Date
8-29-2025
Department
College of Arts and Sciences
Degree
Master of Fine Arts in Creative Writing (MFA)
Chair
Sandra Smith
Keywords
fiction, autofiction, memory, personal stories, emotions, distance, perspective, self-exploration
Disciplines
Creative Writing
Recommended Citation
Girvan, Elizabeth J., "Fact, Memory and Imagination: Merging Genre Elements to Tell Personal Stories" (2025). Masters Theses. 1364.

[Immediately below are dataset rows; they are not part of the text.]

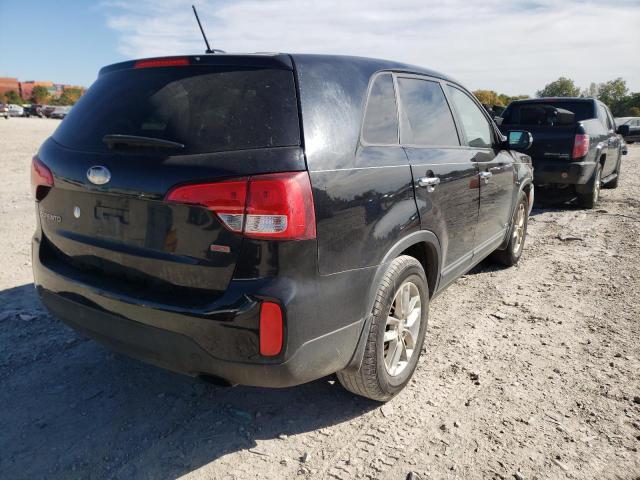 Photo 3 VIN: 5XYKTCA64EG429261 - KIA SORENTO LX 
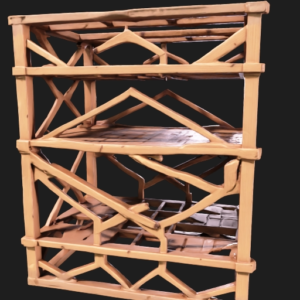 Wooden Construction Scaffold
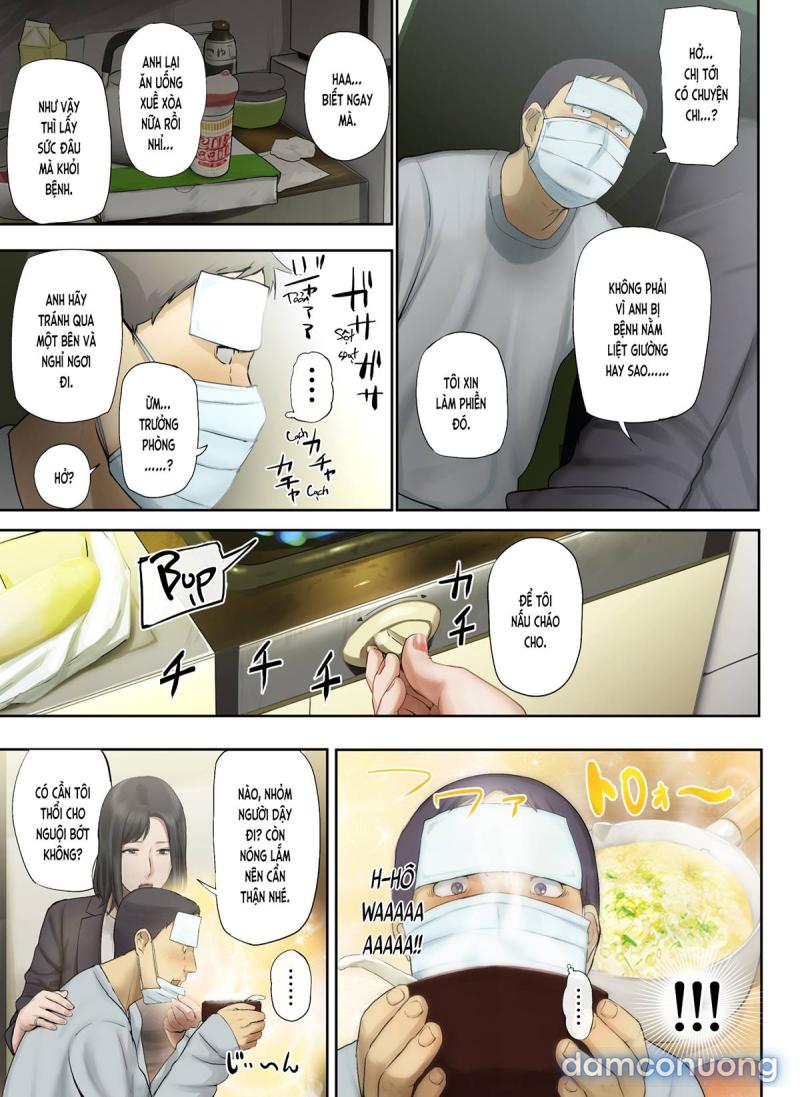 Bà già ế của công ty đã dính bầu Chapter 3 - Page 4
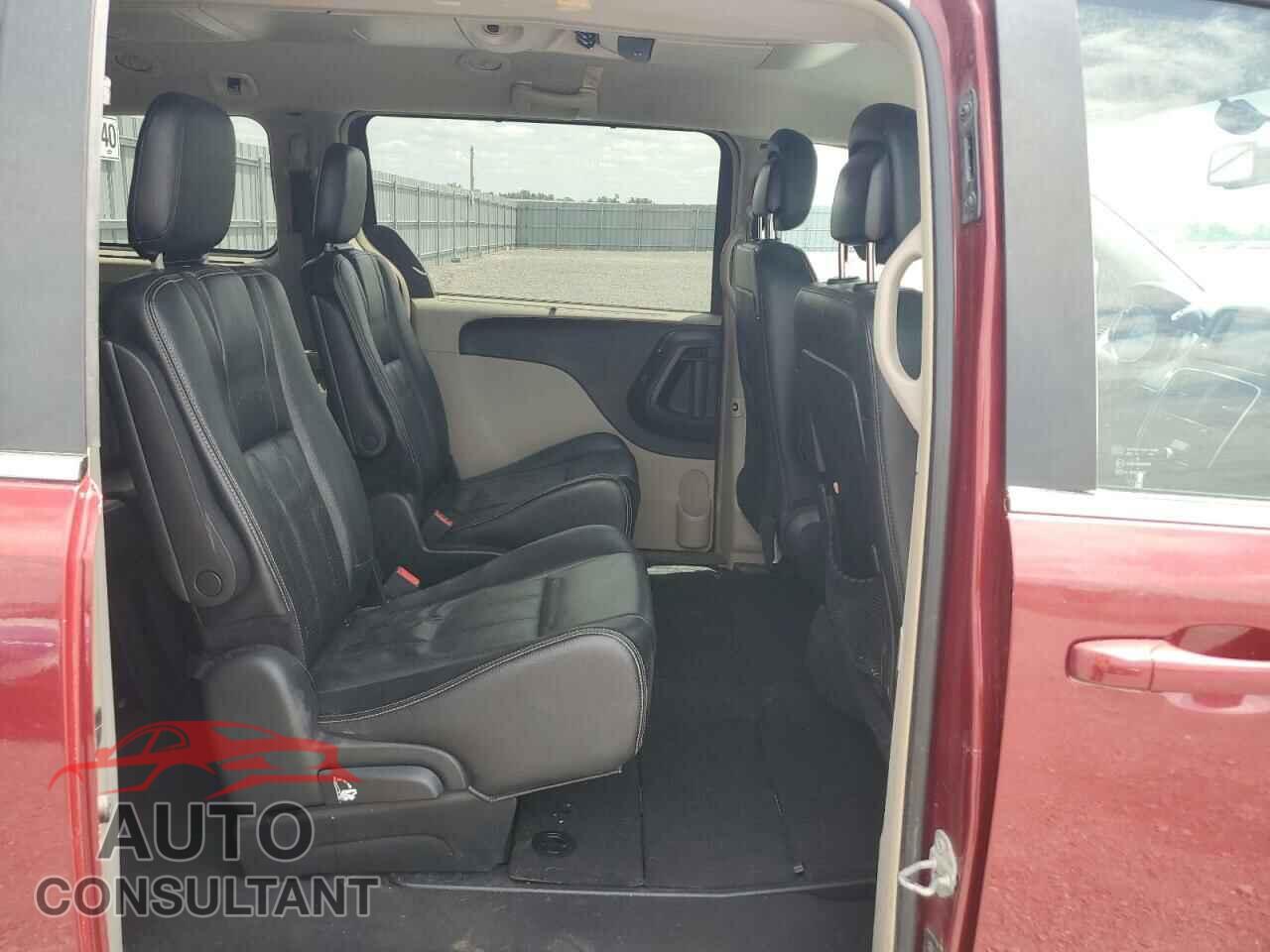 DODGE CARAVAN 2014 - 2C4RDGDG3ER371002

https://digitalcommons.liberty.edu/masters/1364
Abstract
This thesis examines how writers merge facts, memory, and imagination to tell personal stories by blending nonfiction and fiction. Drawing on genre and memory research, the argument is presented that memoir, autobiography, and autofiction occupy overlapping spaces, with autofiction functioning as a vehicle for writers to embrace memory’s elasticity and attain narrative distance, enabling a truthful yet fictionalized portrayal of experience. By embracing the freedom of fiction, writers are empowered to explore identity and meaning beyond the limits of lived experience while preserving the emotional truth that readers seek. The creative manuscript of the thesis presents an example of autobiographical fiction presented in a five-chapter novella. The story intertwines memory, illness, and family relationships through the emotional landscape of aging, loss, and the fragile bonds that hold a family together. The title Pay No Attention hints at the tension between denial and awareness that colors the narrator’s perspective as a daughter navigates her father’s decline and its impact on the household.